In general XML parlance a "vocabulary" is a set of element types and attributes designed to be used together for some purpose. A given vocabulary may be "encompassing", meaning that it is intended to be used as the main or only vocabulary for a given document, or "enabling", meaning it is intended to be integrated into and used with encompassing vocabularies.
Examples of encompassing vocabularies are DocBook, XHTML, and NLM. Examples of enabling vocabularies are MathML and Dublin Core metadata.
A challenge historically with managing XML (and SGML) vocabularies is that, while it's easy to define enabling vocabularies like MathML and possible to define "extensible" encompassing vocabularies like DocBook, there was no standard-defined mechanism for managing how encompassing and enabling vocabularies are combined or extended in a way that ensured understandability and interchange.1
In particular, before DITA, all mechanisms for combining or extending vocabularies were entirely syntactic—they provided no way to examine a document and know how that document's vocabulary (it's document type) related to any known vocabulary so that you could know, for sure, whether your processing environment could handle it or if you could share content from that document with your documents.

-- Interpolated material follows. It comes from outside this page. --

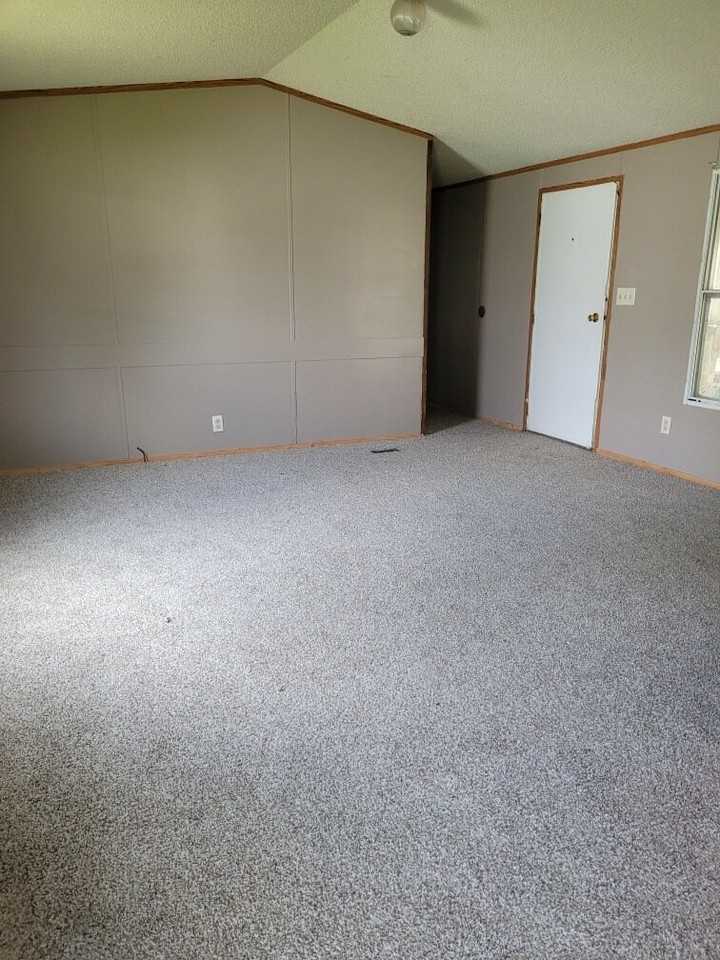 458 Petty St - Photo 2 of 4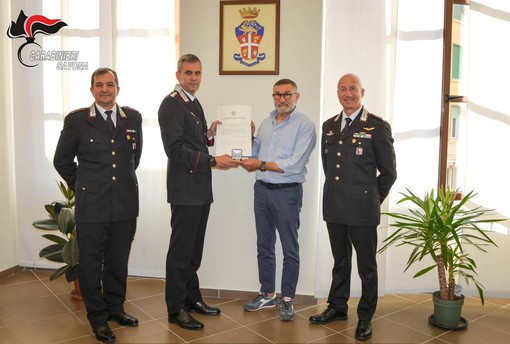 Alluvione 2016 a Cisano sul Neva, il luogotenente dei Carabinieri La Monaca insignito della Medaglia d’oro al merito civile Alluvione 2016 a Cisano sul Neva, il luogotenente dei Carabinieri La Monaca insignito della Medaglia d’oro al merito civile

For example, DocBook provides for extension by providing the syntactic hooks needed to allow local modification to content models (e.g., parameter entities in DTDs). This allows you to define your own element types and use them in a nominally "DocBook" document. However, having defined your new tags, there's nothing in the markup that tells a processor or an observer how your new element type relates to any known element types (that is, to the element types defined in the DocBook standard or defined in any other DocBook-based document type). Thus, there's no reliable way for a general-purpose DocBook processor to know what to do with your document. Thus, to say that your document is "DocBook" is not accurate or useful. Rather, at best your document is "DocBook based". But knowing that doesn't tell you anything particularly useful. In particular, it doesn't tell you what you'd need to know in order to process it reliably (because you have no way to know what to do with the non-DocBook-defined elements in the document without actually talking to the developer of the custom markup).
By the same token, there are no DocBook-defined constraints on how you can extend DocBook so there's no way to predict what sort of changes a given "DocBook" document might reflect so that, for example, a general-purpose DocBook processor could provide useful fallback processing or so that a human observer can understand the nature of the extensions even if they don't understand the details of the new markup (for which they would need some form of documentation).
That is, using only the syntactic tools provided by DTDs or XSD schemas (or any other available form of XML document constraint, such as RelaxNG) extension and customization of XML vocabularies is inherently unmanageable because there is no machine-processable mechanism for communicating or understanding the relationship between any two vocabularies.
If customization is not manageable then the only way to ensure interchange is to disallow customization. This was the approach taken by "interchange" document types, such as ATA 2100. But of course invariant vocabularies suffer a number of serious and fatal problems. They tend to become very large because they must reflect a union of the requirements of all current and expected interchange partners. They tend to not satisfy key requirements of individual interchange partners because you can never put everything in or because local requirements are at odds with interchange requirements (for example, markup that is specific to a given company's internal business processes, which might be trade secrets). I think it's fair to say that, as an industry, we've conclusively proved over the last 20 years or so that monolithic interchange document types do not work.